About this exercise
For the listing below, output exactly the lines from the line with "Trước sự chứng" up to and including the line with "KMHTG6AF7KU015603 - 2019", and no other lines.

Dataset records
════════
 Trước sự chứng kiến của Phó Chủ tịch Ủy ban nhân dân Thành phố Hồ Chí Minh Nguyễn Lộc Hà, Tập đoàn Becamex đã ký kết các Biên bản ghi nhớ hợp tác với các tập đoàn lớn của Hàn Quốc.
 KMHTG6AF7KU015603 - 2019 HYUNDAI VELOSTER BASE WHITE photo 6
════════
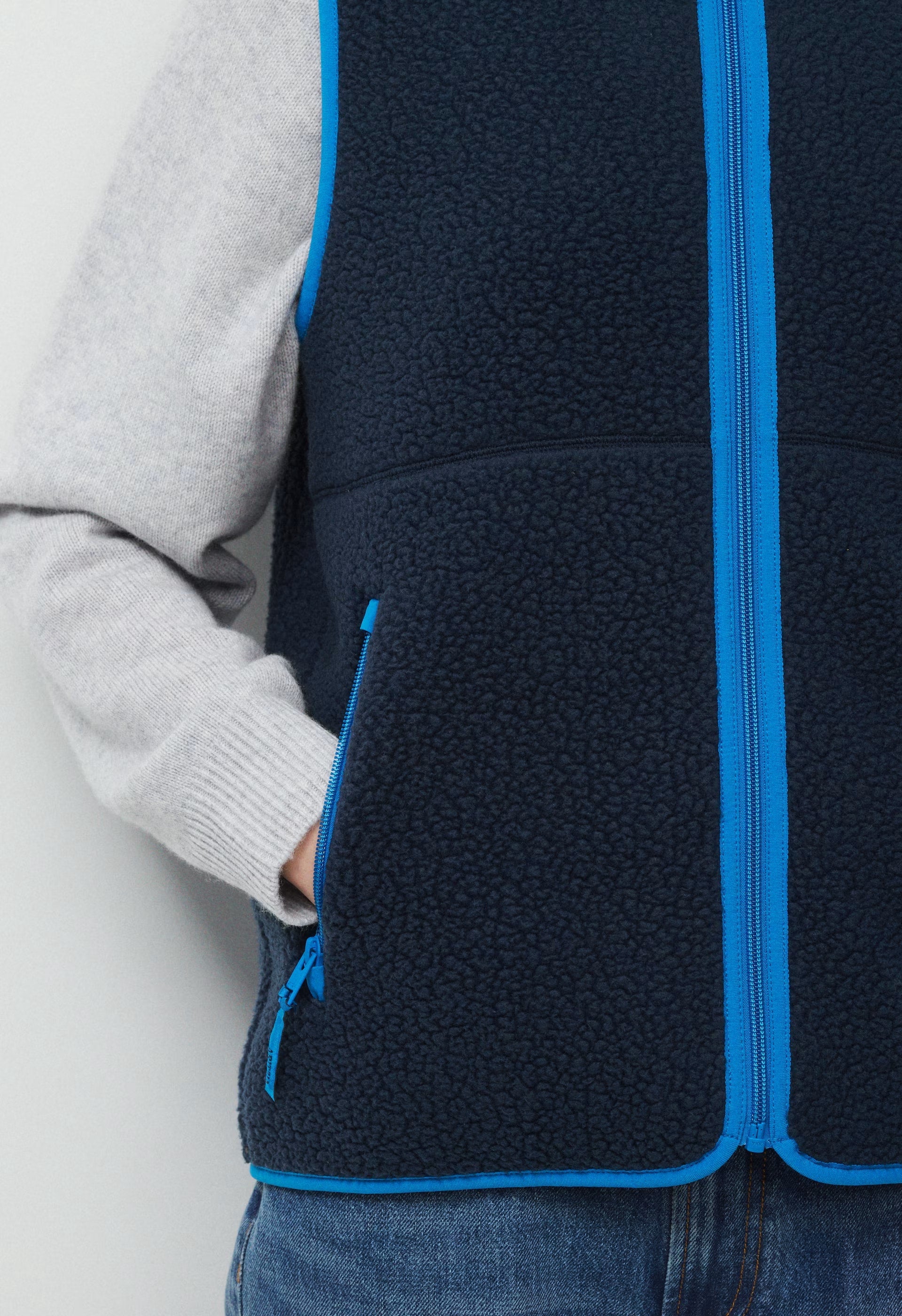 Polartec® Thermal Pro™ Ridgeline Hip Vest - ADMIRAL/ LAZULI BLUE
════════
Written response
 Trước sự chứng kiến của Phó Chủ tịch Ủy ban nhân dân Thành phố Hồ Chí Minh Nguyễn Lộc Hà, Tập đoàn Becamex đã ký kết các Biên bản ghi nhớ hợp tác với các tập đoàn lớn của Hàn Quốc.
 KMHTG6AF7KU015603 - 2019 HYUNDAI VELOSTER BASE WHITE photo 6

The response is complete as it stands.